The “they” were cannibalistic spadefoot toad larvae (commonly known as tadpoles) and the warning had come from Dr. David Pfennig, a biology professor at the University of North Carolina who had been studying these toads in Arizona’s Chiricahua Mountains for more than 20 years.

At Pfennig’s invitation, I had arrived at the American Museum of Natural History’s Southwestern Research Station in mid-July—just after the early-summer monsoons had turned cattle wallows into nursery ponds and newly hatched tadpoles into cannibals. But the real reason I had come to the ancestral land of Cochise and the Chiricahua Apaches wasn’t because the tadpoles were eating each other. It was because some of them weren’t eating each other. In fact, when this particular brood had hatched about a week earlier, they were all omnivores, feeding on plankton and the suspended organic matter referred to in higher-class journals as “detritus.” Then, two or three days later, something peculiar took place. Some of the tiny amphibians experienced dramatic growth spurts, their bodies ballooning in size overnight. Now, as I waded, scoop-net in hand, through Sky Ranch Pond (a slimy-bottomed mud hole with delusions of grandeur), the pumped-up proto-toads were four or five times larger than their poop-nibbling brethren.
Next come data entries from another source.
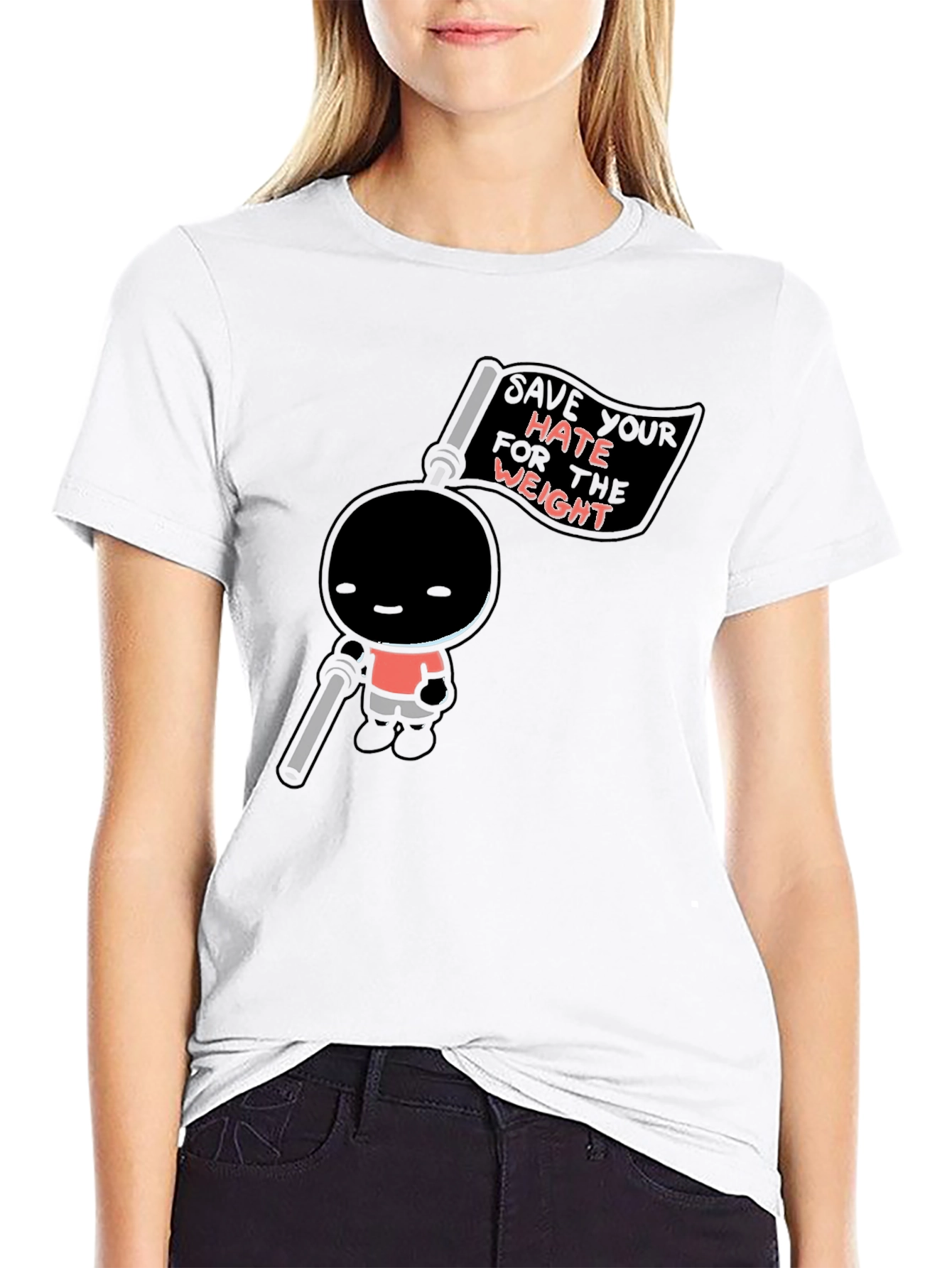 Black Save Your Hate For The Weight Black Graphic Tee view 9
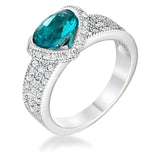 1.6 CT AQUA OVAL CZ RING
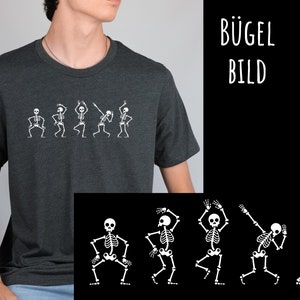 Iron-on picture dancing skeletons, funny skeleton to iron on, Halloween, funny iron-on patch, black and white image 3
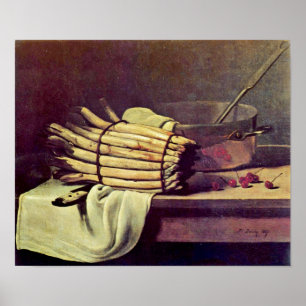 Francois Bonvin - Stillleben mit Spargel Poster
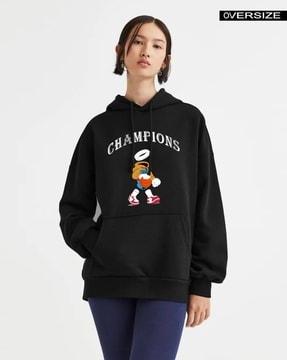 women printed regular fit hoodie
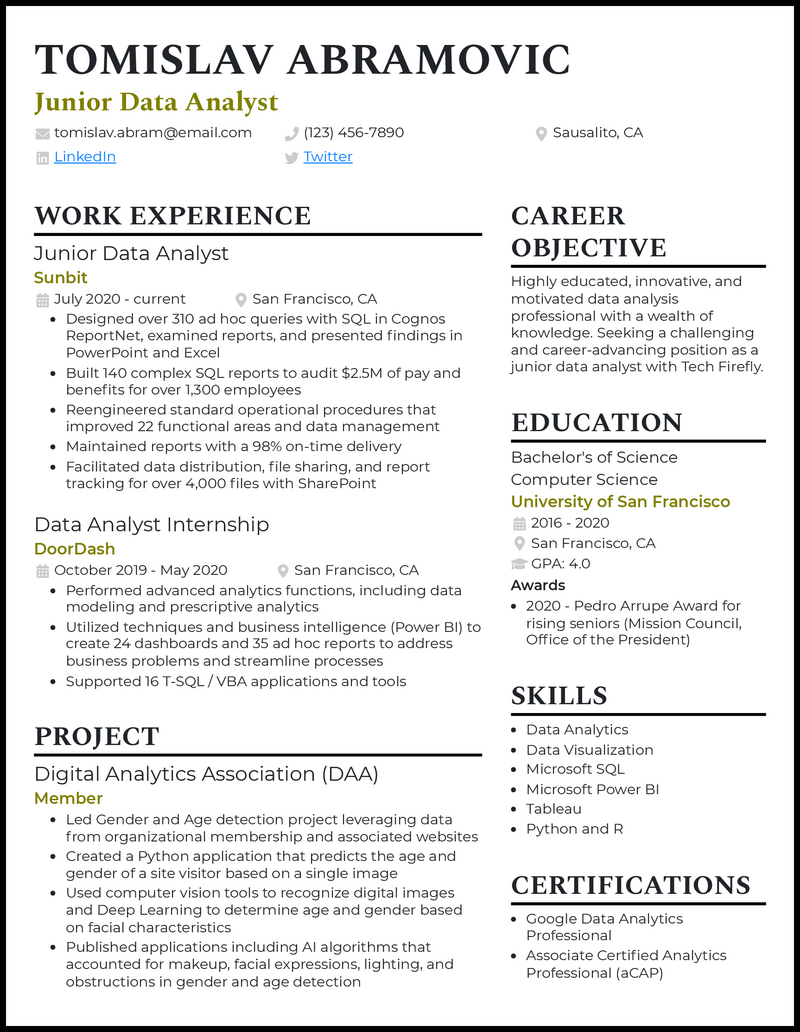 25 Data Analyst Resume Examples For 2024 Boost Your Career 25 Data Analyst Resume Examples For 2024 Boost Your Career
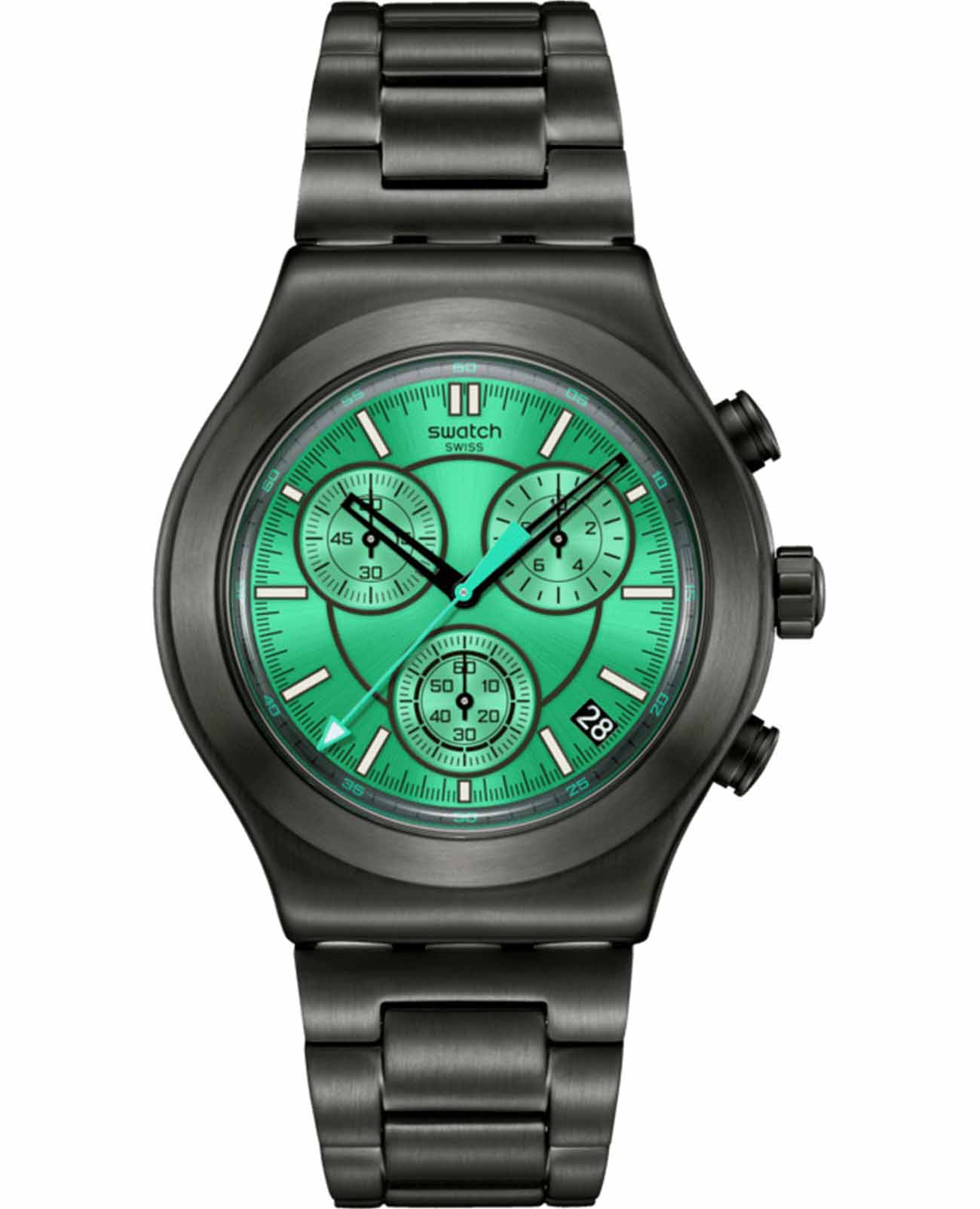 Swatch Swatch I New Chrono YVM407G  YVM407G кварцевые женские часы зеленый циферблат, браслет нержавеющая сталь с pvd-покрытием — вид спереди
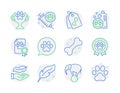 Animals icons set. Included icon as Dog competition, Pets care, Pet tags signs. Vector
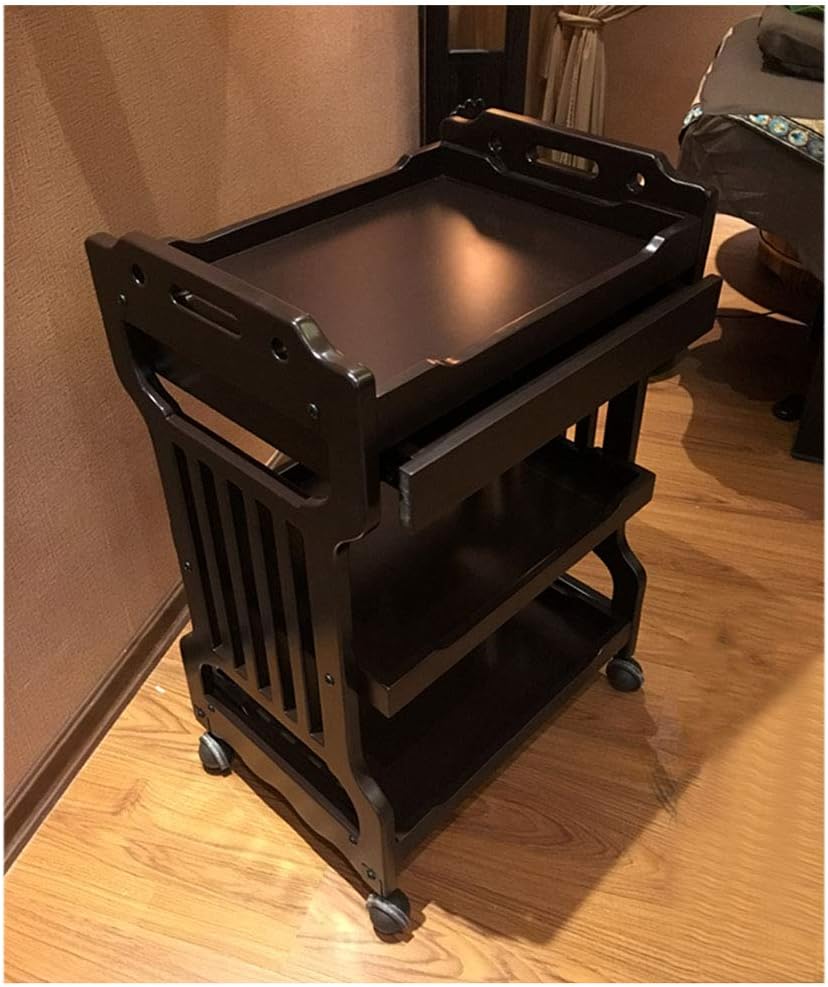 Laboratory Cart Wooden Beauty Trolley 3-Layer Storage Large-Capacity Trolley Multi-Functional Movable Rack with Drawer/armrest Hairdressing Tool Trolley (Brown)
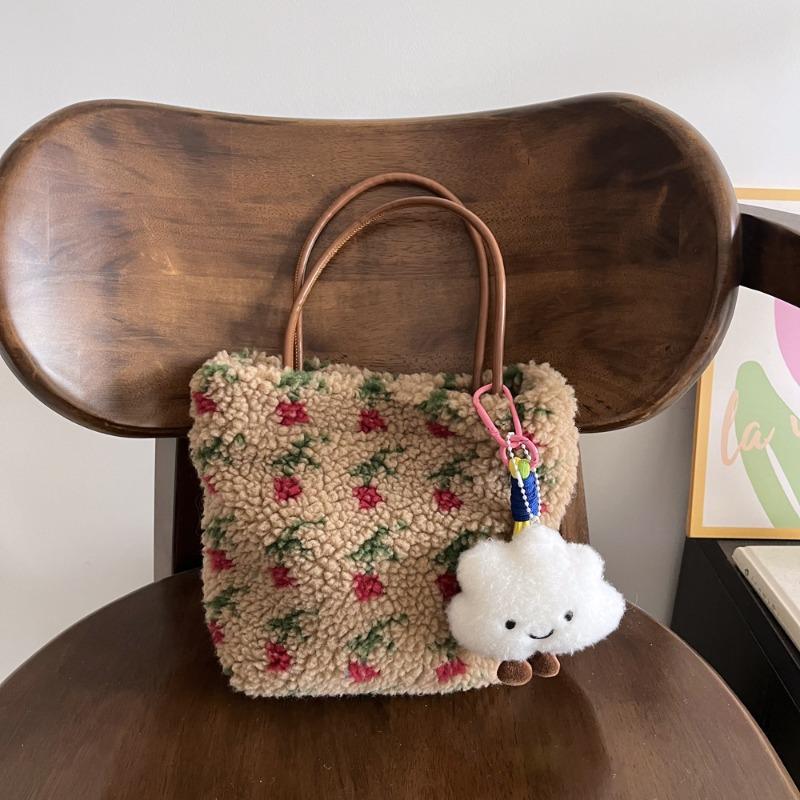 

Autumn and winter versatile fluff bag retro tulip jacquard fleece PU shoulder strap hand bag bento bag mommy bag without cloud charm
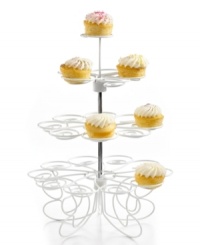 Show off your sweet side! Create a fun and dainty display of your mini cupcakes with this coated metal stand. Holding up to 24 cupcakes in a tree-like design, this stand features a charming spiral design to hold each cupcake in place, making it the perfect accent for serving up sweets & treats at any party.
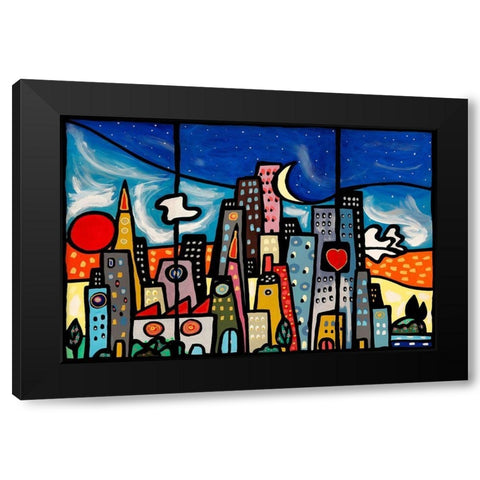 Quando soffia il vento Black Modern Wood Framed Art Print with Double Matting by Wallas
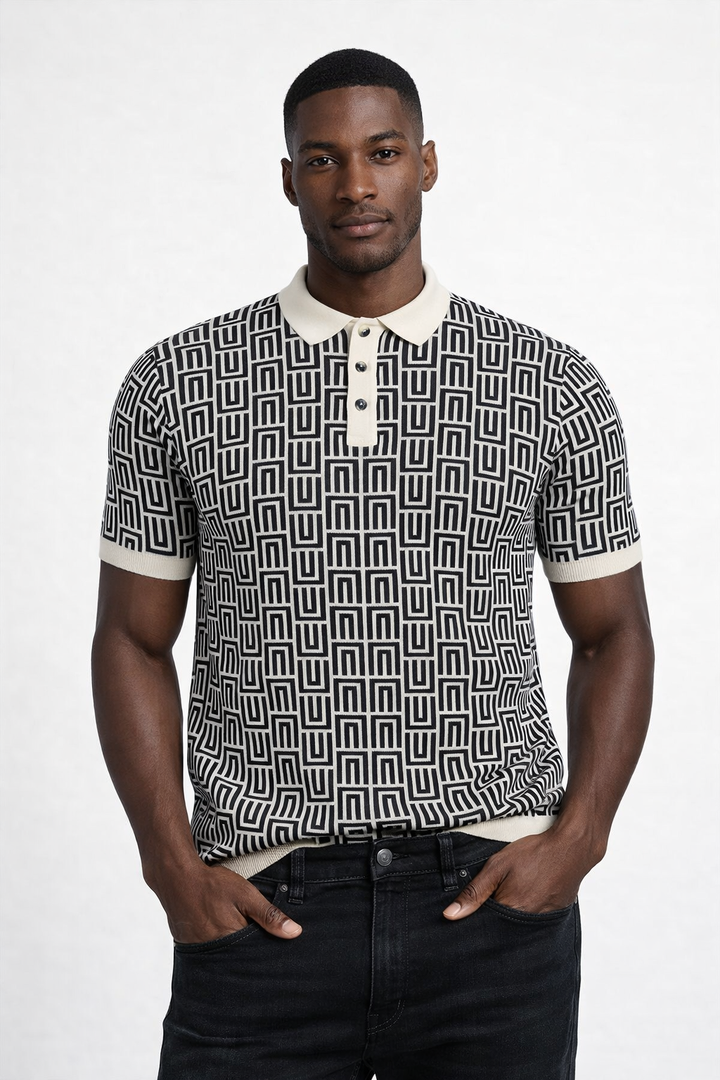 AT Bennett | Black & Cream Sweater Knit Polo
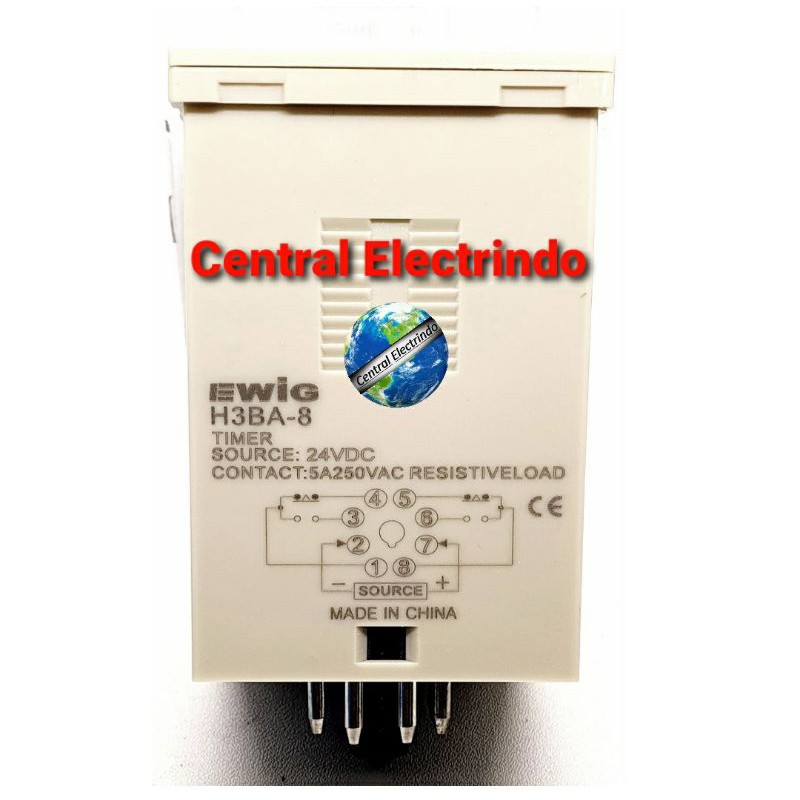 Timer H3BA-A8 24VDC EWIG + Socket 8Pin EWIG.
“These look like two different species,” I said, examining a handful of tadpoles that I’d just scooped up. I also noted that the larger individuals were light tan in color while the little guys had bodies flecked with dark green.

“Initially, people thought they were different species,” Pfennig replied.

Using a magnifying glass to get a better look at my squirmy captives, I saw that the differences went beyond body size and color. The larger tadpoles were also sporting powerful tails and serious-looking beaks.

“Yikes, nice choppers,” I commented, always the scientist.